* [How to complete this task]
Write out exactly the lines from the one containing "Taza mascota raza" through the last line of the records below, both included, and leave out any pictures.
++++++++
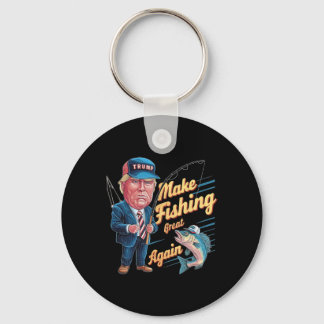 Make Fishing Great Again Trump Funny Fisherman Ang Key Ring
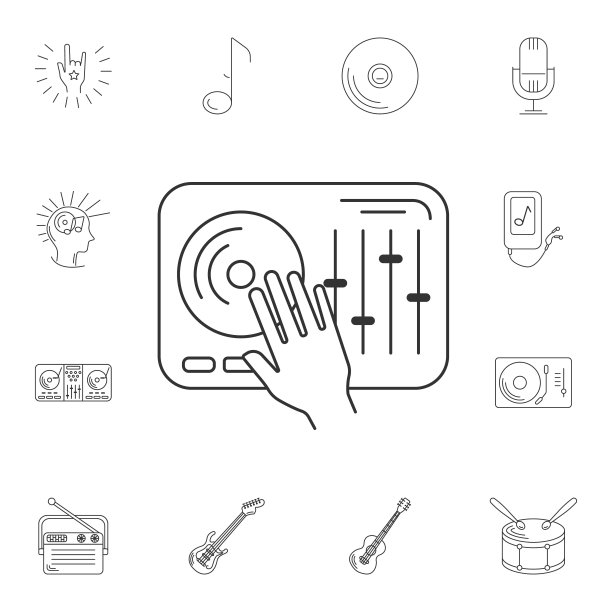 音乐DJ混音器图标。简单的元素图示。来自音乐收藏集的音乐DJ混音器符号设计。可用于Web和移动设备图片下载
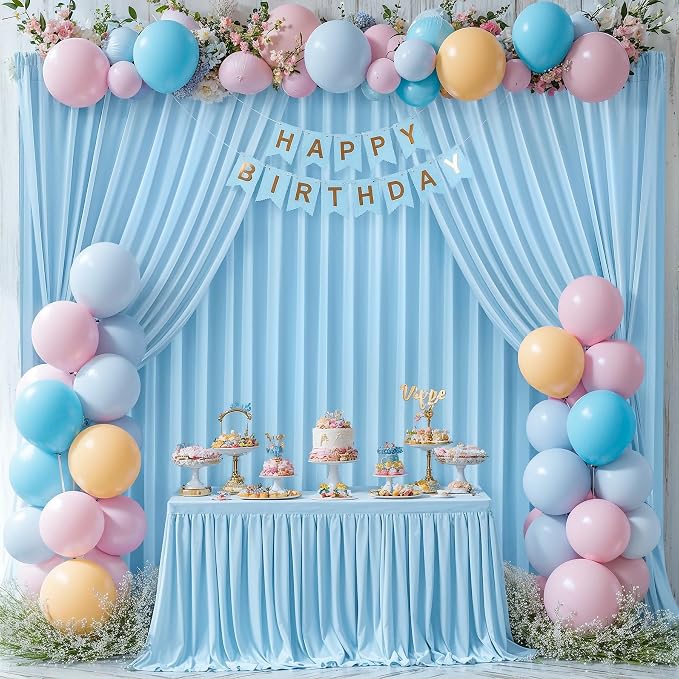 Blue Backdrop Curtains 10 Panels - Wrinkle-Free Light Blue Curtains Polyester Photography Drapes Photo Background for Baby Shower Birthday Party Decorations- 40 X10FT - Image 6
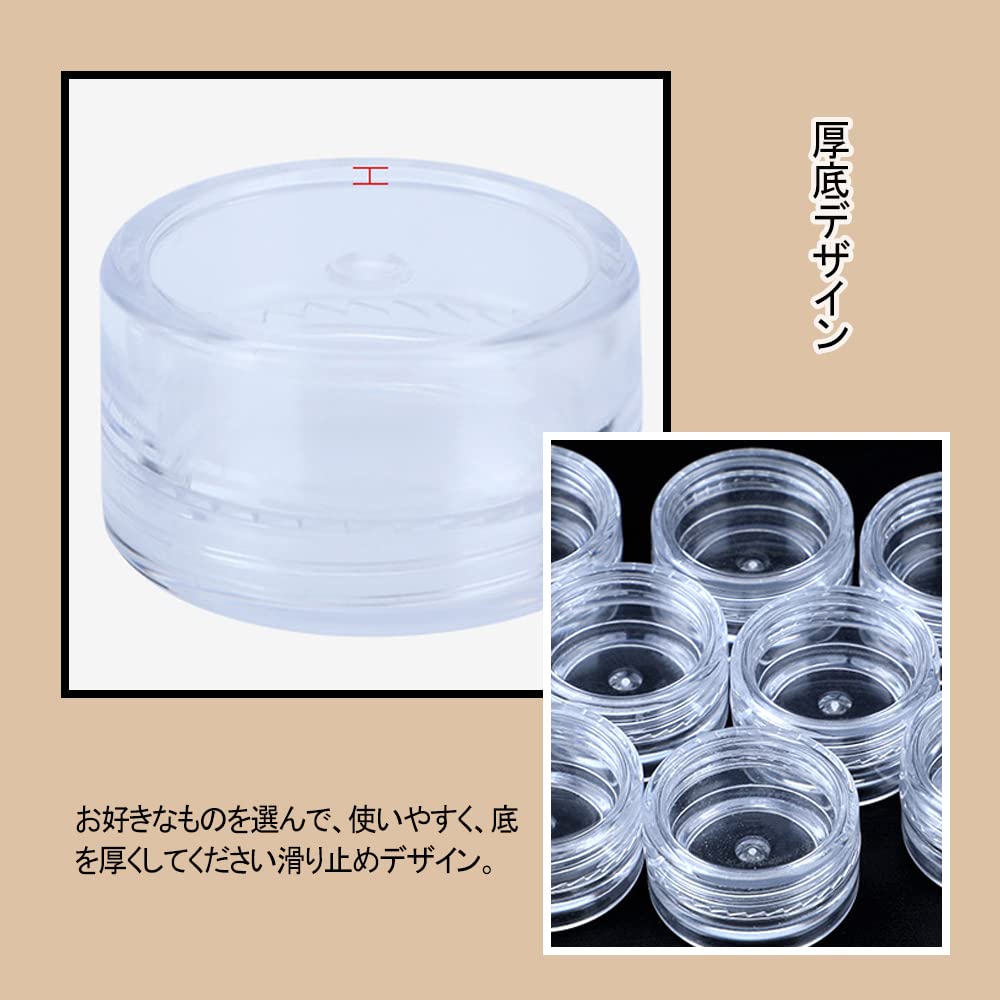 DFsucces Small Round Set of Plastic Cream Accessory Nail Polish Storage Small Item Storage Cosmetic Refill Convenient Business Travel Home Use Cases,
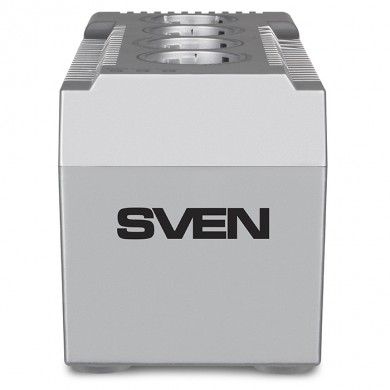 SVEN VR-F1500, 500W, Automatic Voltage Regulator, 4x Schuko outlets, Input voltage: 180-285V, Output voltage: 230V &plusmn; 10%, input and output voltage digital indicator on the front panel, Power supply delay function, metal body, Black
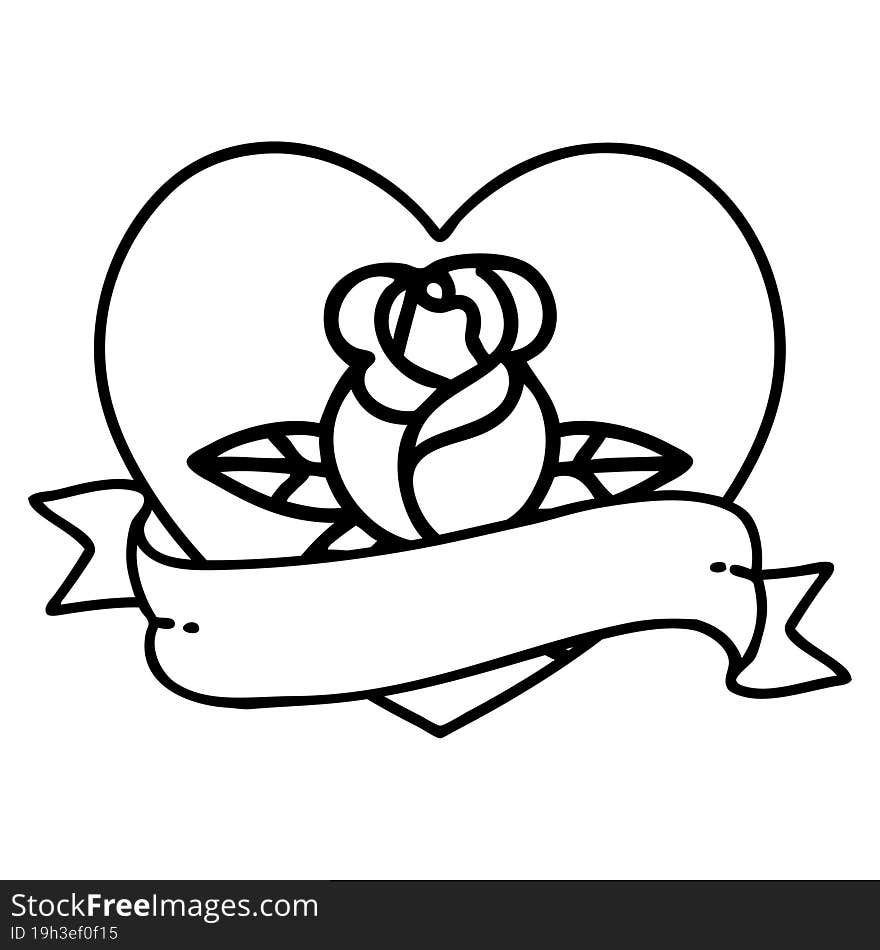 tattoo in black line style of a heart rose and banner. tattoo in black line style of a heart rose and banner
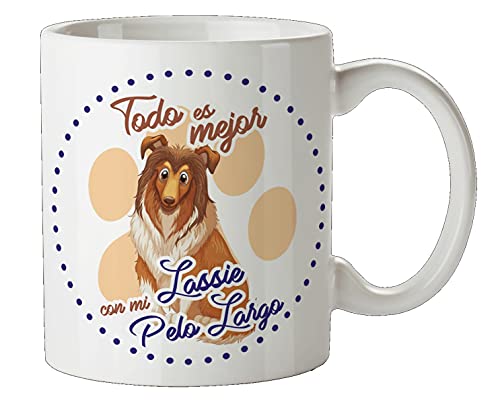 Taza mascota raza Lasie Pelo Largo - taza perro con Frase y Dibujo - Taza canina - Taza el mejor perro - cerámica blanca resistente (Lasie Pelo Largo)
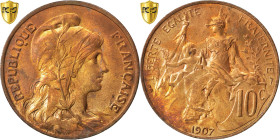France, 10 Centimes, Daniel-Dupuis, 1907, Paris, Bronze, PCGS, MS65RB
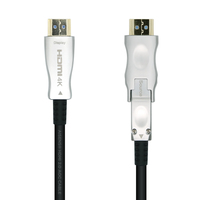 AISENS Cable HDMI V2.0 AOC Desmontable Premium Alta Velocidad / HEC 4k@60Hz 4:4:4 18Gbps, A/M-D/A/M, Negro, 15m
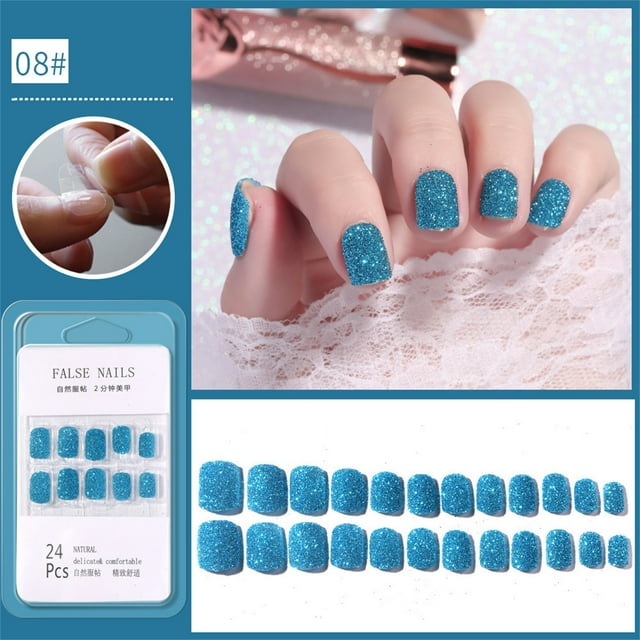 Polvo para uñas, parches para decoración de uñas, 24 uñas postizas cortas con parches de pegamento gelatinoso, uñas de ataúd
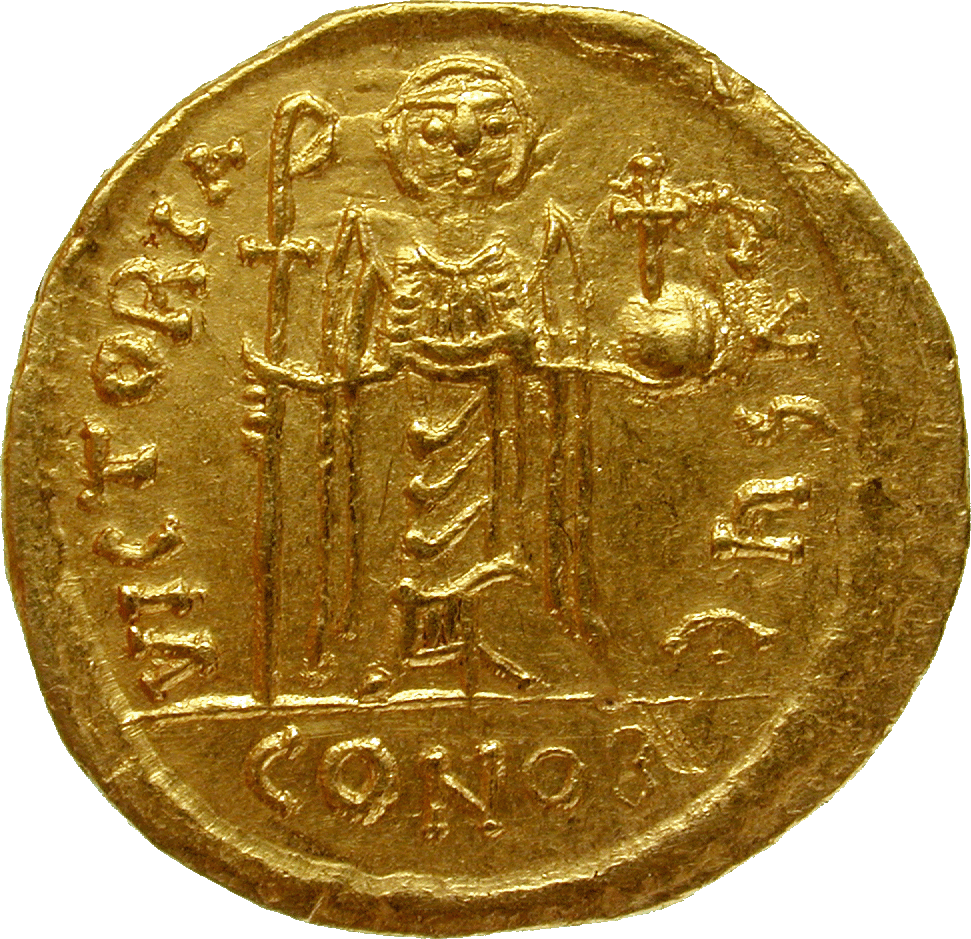 Byzantinisches Kaiserreich, Phokas, Solidus (reverse)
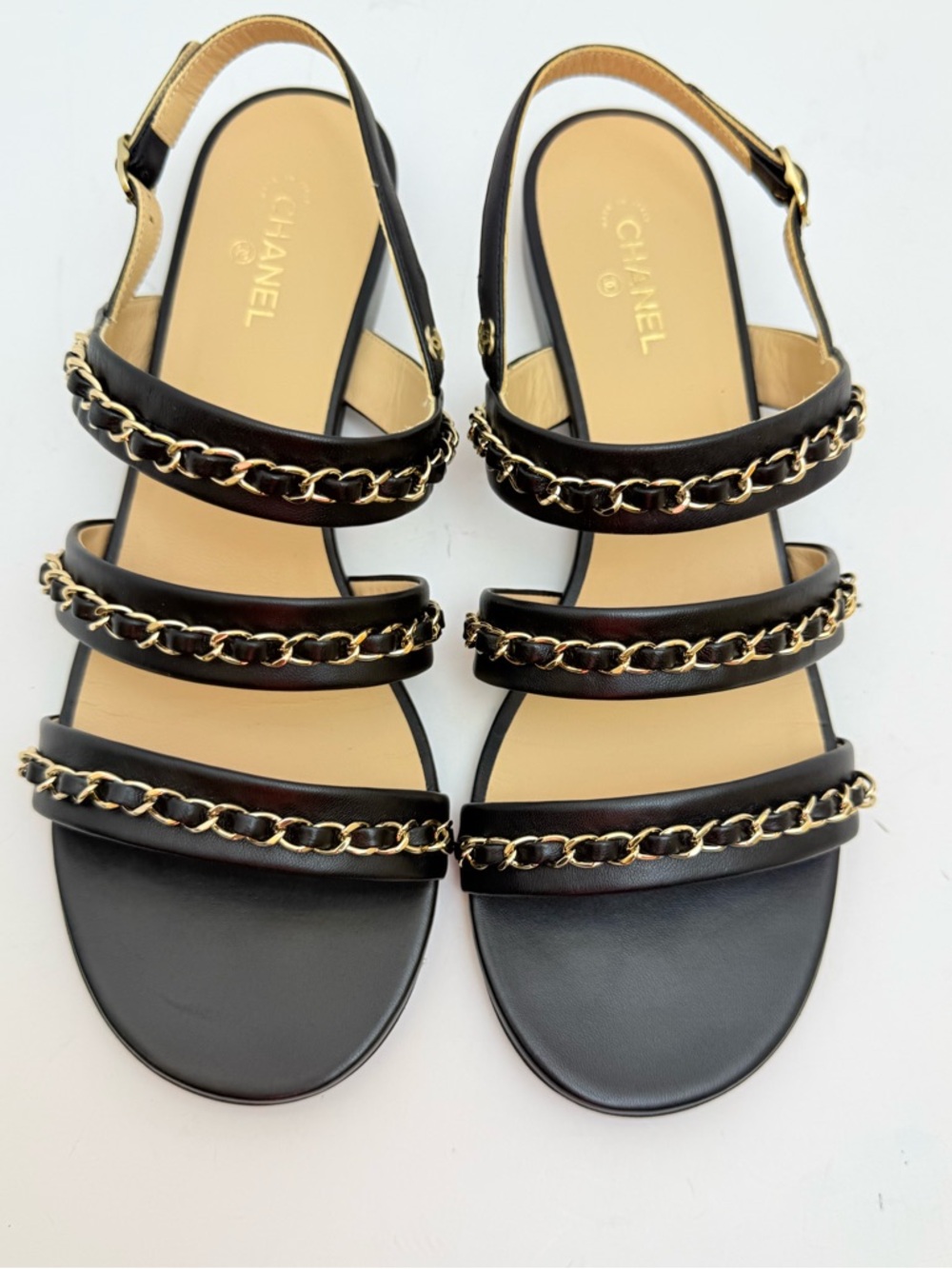 Chanel 22 Logo Chain Strap Lambskin Sandals Black Gold CC EU 40 US 10 - Picture 3 of 10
++++++++
* [Response area]
 Taza mascota raza Lasie Pelo Largo - taza perro con Frase y Dibujo - Taza canina - Taza el mejor perro - cerámica blanca resistente (Lasie Pelo Largo)
France, 10 Centimes, Daniel-Dupuis, 1907, Paris, Bronze, PCGS, MS65RB
 AISENS Cable HDMI V2.0 AOC Desmontable Premium Alta Velocidad / HEC 4k@60Hz 4:4:4 18Gbps, A/M-D/A/M, Negro, 15m
 Polvo para uñas, parches para decoración de uñas, 24 uñas postizas cortas con parches de pegamento gelatinoso, uñas de ataúd
 Byzantinisches Kaiserreich, Phokas, Solidus (reverse)
 Chanel 22 Logo Chain Strap Lambskin Sandals Black Gold CC EU 40 US 10 - Picture 3 of 10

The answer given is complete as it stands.